Three months after she was shot and critically wounded while attending a constituent event, Democratic Rep. Gabrielle Giffords continues to make enormous strides in her journey to recovery. But her husband, Mark Kelly, doesn't want the public to get too far ahead of itself when it comes to his wife's condition and her political future.
In an interview with Newsweek's Peter Boyer, Kelly sought to temper reports about Giffords' rehabilitation. For one, she's still yet receive approval from her doctors to attend NASA's of the final space shuttle mission on April 29th—which Kelly is set to command. Secondly, Giffords has given little thought to her political future, in spite of buzz that she might run for the Arizona Senate seat being vacated by Republican Jon Kyl next year.
"We haven't discussed any Senate race with her," he says. "And I have no plans to do that for some time. She's focused on her recovery."
Indeed, even if Giffords is given the okay to attend Kelly's shuttle launch later this month, it's unlikely that she'll be seen in public. Asked when his wife might make her first public appearance, Kelly says it's "up to her." But, he added, "I think that's months, not weeks, away."

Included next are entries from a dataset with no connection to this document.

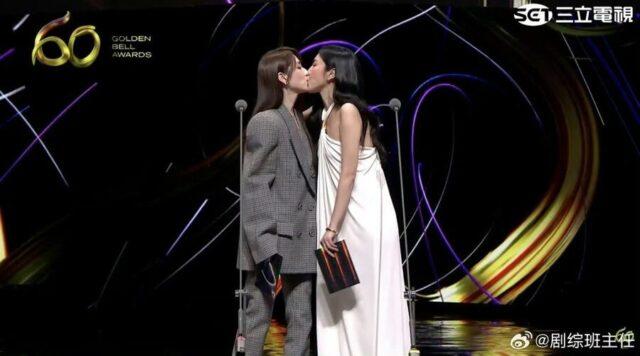 Heboh! Dua Aktris Top Ciuman di Atas Panggung Penghargaan, Bikin Netizen Terpukau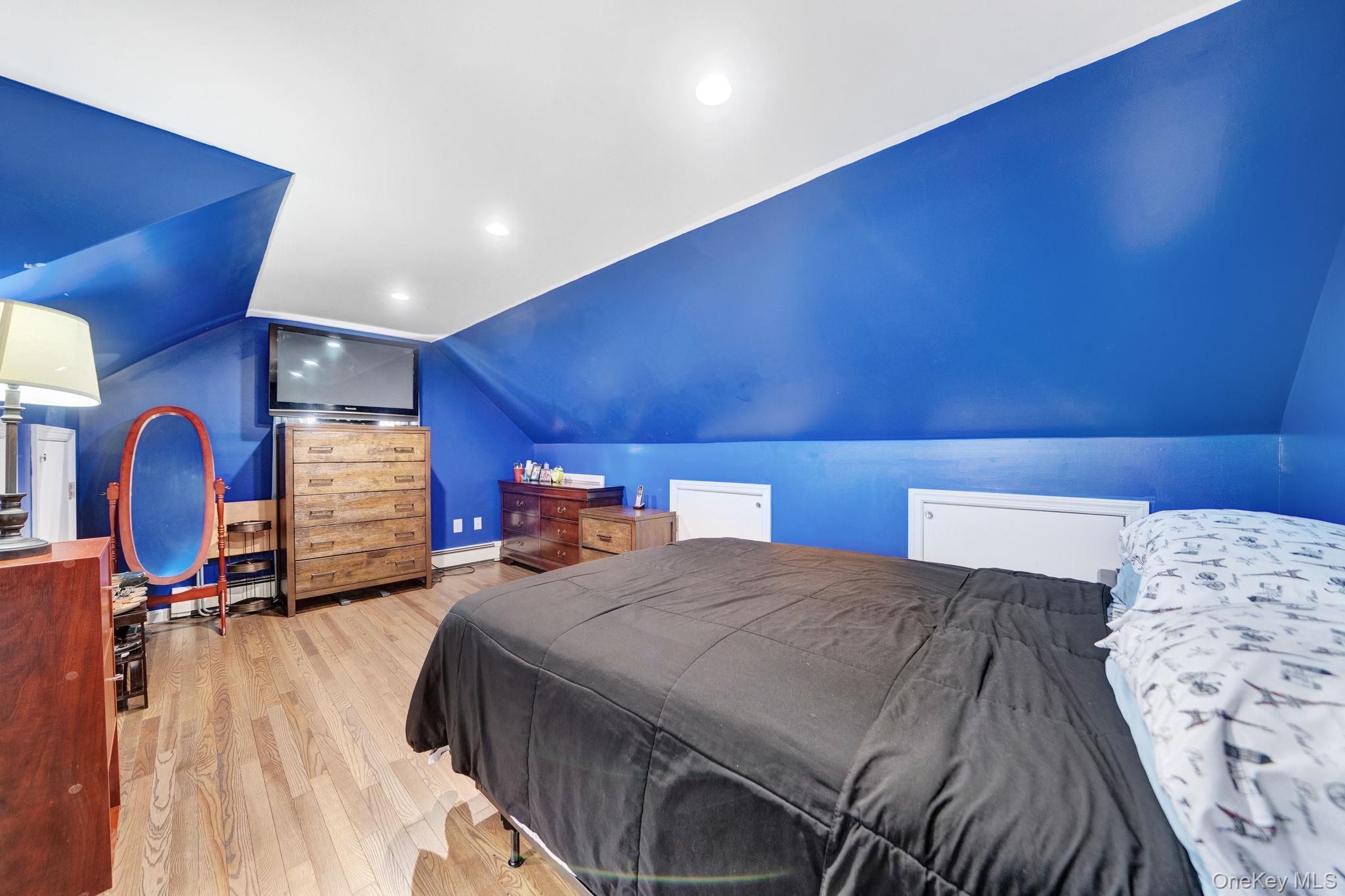 258 Fairview Boulevard Property Photo 15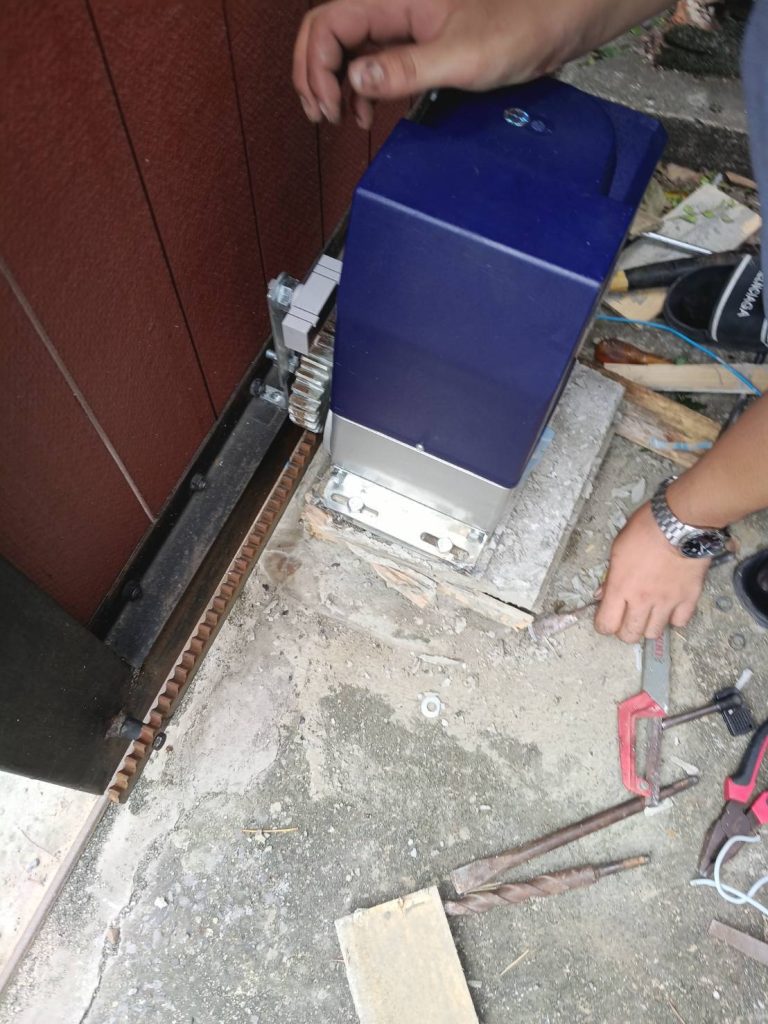 ซ่อมมอเตอร์ประตูรีโมท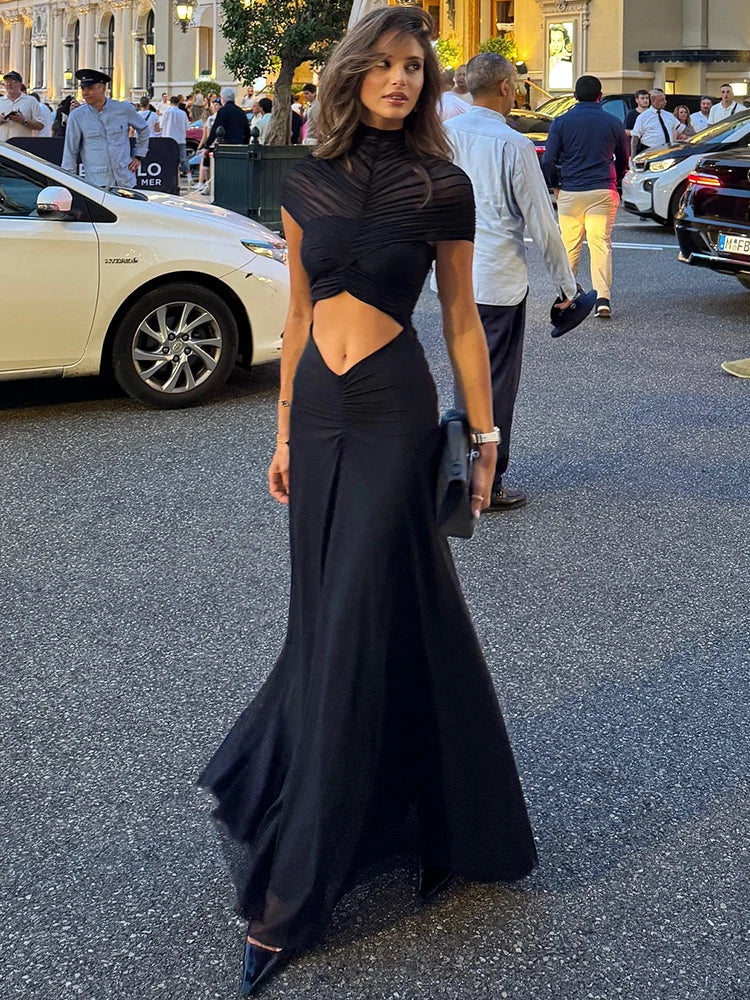 Vestido Sedução – Detalhes Vazados e Franzidos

Giffords, who was shot at point blank range in the head, still has yet to be told all of her attempted assassination. Early on, the congresswoman, who is now in recovery at a rehabilitation hospital in Houston, believed she had been in a car wreck, but Kelly says she began to question why he would skip over parts of newspaper stories he read to her during visits. He decided to tell her she had been shot—though Giffords, he says, still doesn't know the full scale of the attack that killed six people, including a close Giffords aide and a 9-year-old girl, and injured 13 others.
"When she starts asking for more details, we're going to tell her," Kelly tells Newsweek. "But she hasn't asked that specific question yet."
As the New York Times' Marc Lacey reported last month, Arizona Democrats, including several of Giffords' closest political allies, have been quietly laying the groundwork for a potential Senate bid should the injured congresswoman choose to make one. Several of her top supporters held a fund-raiser for her last month, which will at the very least supplement her 2012 re-election bid to Congress—though Democrats clearly are hoping for a Senate run.
"Whether she'll be ready to run or interested in running nobody can say," said Arizona Democratic Party chair Andrei Cherny told the Times. "But there is a sense that she should make that decision and that she should have options once she's ready to make it."